= Problem to solve =
The expected output is each line in the data below that includes the string "Anime".

= Information =
________________________

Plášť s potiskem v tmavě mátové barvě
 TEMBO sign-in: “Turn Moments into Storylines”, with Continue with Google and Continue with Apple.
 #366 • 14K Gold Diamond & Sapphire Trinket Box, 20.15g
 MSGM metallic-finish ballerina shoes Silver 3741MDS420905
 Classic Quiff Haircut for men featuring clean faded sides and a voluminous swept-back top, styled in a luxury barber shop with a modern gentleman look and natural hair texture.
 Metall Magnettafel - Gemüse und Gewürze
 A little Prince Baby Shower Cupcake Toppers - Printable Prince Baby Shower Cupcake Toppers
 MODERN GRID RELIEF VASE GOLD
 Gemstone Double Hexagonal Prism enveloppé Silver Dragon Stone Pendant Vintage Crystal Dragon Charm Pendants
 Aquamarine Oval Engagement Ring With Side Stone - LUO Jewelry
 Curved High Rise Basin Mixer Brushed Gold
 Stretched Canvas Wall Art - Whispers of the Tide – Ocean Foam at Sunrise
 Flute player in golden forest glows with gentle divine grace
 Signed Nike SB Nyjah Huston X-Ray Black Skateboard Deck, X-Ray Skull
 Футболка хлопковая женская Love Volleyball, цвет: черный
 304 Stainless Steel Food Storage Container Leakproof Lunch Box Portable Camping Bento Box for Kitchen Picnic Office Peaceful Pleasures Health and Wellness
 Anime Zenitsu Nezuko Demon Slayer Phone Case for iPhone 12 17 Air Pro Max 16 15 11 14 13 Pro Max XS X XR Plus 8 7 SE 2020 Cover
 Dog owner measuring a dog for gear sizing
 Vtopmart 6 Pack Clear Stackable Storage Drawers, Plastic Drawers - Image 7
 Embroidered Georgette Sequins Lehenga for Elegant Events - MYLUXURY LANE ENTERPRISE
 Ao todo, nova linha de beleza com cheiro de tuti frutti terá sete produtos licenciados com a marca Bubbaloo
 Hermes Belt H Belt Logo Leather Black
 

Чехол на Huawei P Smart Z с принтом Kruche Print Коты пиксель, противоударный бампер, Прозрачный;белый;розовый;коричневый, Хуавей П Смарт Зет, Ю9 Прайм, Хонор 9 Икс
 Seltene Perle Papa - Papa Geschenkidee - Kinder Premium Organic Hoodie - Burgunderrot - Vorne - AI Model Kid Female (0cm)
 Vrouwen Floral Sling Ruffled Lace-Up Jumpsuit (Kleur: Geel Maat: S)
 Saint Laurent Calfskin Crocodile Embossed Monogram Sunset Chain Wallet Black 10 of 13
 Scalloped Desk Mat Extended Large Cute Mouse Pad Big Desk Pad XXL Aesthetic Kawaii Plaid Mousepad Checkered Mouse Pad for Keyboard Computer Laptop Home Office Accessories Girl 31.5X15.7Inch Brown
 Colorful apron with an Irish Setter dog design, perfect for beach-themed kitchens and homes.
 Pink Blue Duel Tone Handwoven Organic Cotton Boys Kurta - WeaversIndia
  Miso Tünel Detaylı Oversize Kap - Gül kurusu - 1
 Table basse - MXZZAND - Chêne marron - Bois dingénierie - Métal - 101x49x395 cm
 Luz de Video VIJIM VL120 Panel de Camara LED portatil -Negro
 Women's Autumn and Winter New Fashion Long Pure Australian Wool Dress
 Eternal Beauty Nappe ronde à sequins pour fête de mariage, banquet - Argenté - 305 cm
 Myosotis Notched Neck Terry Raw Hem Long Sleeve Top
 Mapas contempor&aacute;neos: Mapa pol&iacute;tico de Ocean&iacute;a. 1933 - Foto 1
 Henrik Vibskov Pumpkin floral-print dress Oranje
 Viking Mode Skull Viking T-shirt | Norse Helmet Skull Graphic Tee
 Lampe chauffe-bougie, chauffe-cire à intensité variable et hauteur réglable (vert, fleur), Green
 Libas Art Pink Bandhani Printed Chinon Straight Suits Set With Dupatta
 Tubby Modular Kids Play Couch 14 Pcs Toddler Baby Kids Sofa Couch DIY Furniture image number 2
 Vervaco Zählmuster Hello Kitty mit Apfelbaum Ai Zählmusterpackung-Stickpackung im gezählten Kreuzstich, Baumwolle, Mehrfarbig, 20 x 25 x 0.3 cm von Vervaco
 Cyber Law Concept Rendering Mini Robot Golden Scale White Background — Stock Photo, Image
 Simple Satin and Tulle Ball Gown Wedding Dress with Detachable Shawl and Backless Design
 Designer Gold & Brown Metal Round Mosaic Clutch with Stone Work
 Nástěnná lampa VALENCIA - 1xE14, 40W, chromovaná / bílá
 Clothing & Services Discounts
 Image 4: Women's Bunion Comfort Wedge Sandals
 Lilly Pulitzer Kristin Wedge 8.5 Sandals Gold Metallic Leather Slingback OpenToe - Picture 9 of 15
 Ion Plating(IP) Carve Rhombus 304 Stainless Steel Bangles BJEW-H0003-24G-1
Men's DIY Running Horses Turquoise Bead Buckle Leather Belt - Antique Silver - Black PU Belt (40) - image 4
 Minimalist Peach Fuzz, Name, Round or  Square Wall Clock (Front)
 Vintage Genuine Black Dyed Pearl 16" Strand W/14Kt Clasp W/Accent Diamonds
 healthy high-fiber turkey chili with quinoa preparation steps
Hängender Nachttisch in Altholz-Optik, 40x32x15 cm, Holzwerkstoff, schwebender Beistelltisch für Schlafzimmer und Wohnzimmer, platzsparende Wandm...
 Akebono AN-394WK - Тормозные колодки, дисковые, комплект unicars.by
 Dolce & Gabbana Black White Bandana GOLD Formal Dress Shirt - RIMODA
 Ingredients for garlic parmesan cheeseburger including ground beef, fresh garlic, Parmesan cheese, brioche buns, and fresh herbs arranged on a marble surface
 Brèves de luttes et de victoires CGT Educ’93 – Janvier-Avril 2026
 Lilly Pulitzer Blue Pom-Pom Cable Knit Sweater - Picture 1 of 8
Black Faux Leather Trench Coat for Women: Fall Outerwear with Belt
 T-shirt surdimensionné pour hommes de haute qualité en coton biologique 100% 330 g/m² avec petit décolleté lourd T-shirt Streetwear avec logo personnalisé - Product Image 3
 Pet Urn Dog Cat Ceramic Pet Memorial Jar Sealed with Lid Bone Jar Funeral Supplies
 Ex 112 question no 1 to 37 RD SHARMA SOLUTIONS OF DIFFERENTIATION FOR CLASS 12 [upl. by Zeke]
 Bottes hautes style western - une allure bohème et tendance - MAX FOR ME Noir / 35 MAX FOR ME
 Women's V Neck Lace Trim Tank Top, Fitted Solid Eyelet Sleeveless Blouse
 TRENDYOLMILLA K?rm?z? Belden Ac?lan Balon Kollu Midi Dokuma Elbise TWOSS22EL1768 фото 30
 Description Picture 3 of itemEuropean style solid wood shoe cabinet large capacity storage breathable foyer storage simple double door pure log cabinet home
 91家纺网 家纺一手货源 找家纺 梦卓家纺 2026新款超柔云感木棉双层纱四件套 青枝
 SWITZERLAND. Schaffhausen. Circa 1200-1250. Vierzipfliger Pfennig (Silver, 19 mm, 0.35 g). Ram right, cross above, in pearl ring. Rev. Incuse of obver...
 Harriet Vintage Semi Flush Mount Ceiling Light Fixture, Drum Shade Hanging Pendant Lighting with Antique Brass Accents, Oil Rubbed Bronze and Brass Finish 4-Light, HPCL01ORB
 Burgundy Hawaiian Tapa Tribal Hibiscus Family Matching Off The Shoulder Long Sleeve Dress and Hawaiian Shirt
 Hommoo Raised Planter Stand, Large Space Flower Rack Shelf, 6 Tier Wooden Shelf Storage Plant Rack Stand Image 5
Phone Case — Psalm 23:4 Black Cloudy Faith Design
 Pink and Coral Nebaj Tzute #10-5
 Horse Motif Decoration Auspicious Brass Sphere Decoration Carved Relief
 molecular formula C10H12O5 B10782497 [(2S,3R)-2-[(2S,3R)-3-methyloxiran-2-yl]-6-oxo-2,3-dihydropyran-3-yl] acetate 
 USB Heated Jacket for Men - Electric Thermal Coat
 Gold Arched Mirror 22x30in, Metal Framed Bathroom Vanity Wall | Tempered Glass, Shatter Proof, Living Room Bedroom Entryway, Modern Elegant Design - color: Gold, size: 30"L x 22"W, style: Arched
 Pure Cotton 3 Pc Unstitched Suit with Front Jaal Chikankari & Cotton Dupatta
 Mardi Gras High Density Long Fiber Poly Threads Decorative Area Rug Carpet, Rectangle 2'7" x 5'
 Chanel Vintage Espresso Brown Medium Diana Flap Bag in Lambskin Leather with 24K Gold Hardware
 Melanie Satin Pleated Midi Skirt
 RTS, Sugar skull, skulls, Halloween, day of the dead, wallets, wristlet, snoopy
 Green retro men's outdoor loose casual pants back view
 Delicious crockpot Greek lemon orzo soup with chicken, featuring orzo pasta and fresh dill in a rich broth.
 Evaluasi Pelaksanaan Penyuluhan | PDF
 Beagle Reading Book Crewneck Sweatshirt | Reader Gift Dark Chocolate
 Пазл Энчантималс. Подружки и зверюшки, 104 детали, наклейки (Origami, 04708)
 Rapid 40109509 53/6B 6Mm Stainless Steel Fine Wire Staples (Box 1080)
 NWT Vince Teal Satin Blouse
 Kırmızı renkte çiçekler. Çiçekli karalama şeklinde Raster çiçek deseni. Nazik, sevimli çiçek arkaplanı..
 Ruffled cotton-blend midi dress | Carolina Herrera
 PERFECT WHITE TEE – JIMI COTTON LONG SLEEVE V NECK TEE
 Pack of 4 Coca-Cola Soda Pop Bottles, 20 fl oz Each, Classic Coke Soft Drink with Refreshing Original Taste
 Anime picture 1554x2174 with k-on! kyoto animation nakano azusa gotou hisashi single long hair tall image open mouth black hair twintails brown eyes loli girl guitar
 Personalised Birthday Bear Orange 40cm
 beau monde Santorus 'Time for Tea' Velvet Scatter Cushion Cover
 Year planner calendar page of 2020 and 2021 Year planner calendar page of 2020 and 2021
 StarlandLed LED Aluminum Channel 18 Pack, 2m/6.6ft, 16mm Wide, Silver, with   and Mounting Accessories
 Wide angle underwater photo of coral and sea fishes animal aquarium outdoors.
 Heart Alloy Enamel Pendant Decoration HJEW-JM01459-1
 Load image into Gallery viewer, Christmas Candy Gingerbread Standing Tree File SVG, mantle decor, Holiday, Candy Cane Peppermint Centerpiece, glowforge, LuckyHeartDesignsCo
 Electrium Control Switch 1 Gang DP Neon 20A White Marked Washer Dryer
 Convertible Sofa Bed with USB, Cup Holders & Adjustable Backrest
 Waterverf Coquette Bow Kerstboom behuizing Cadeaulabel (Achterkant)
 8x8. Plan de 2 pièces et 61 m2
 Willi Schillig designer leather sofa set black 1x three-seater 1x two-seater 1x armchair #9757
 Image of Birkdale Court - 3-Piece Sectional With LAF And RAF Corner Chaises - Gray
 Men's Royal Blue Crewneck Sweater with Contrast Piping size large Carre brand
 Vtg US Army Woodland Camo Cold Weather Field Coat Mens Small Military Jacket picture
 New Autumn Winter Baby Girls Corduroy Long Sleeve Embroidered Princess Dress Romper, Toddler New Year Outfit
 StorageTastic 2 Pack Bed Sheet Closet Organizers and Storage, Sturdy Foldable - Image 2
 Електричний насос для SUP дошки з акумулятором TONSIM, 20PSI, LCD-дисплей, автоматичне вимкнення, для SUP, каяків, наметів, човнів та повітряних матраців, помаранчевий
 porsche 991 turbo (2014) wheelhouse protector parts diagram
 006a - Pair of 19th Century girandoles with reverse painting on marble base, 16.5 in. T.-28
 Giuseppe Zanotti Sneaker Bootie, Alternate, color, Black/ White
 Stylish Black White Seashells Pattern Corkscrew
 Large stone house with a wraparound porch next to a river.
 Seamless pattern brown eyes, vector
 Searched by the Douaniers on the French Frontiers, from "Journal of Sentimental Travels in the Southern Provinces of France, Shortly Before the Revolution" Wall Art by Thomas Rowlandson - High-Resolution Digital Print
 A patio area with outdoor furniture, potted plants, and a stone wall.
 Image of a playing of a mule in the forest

________________________

= Output for this exercise =
 Anime Zenitsu Nezuko Demon Slayer Phone Case for iPhone 12 17 Air Pro Max 16 15 11 14 13 Pro Max XS X XR Plus 8 7 SE 2020 Cover
 Anime picture 1554x2174 with k-on! kyoto animation nakano azusa gotou hisashi single long hair tall image open mouth black hair twintails brown eyes loli girl guitar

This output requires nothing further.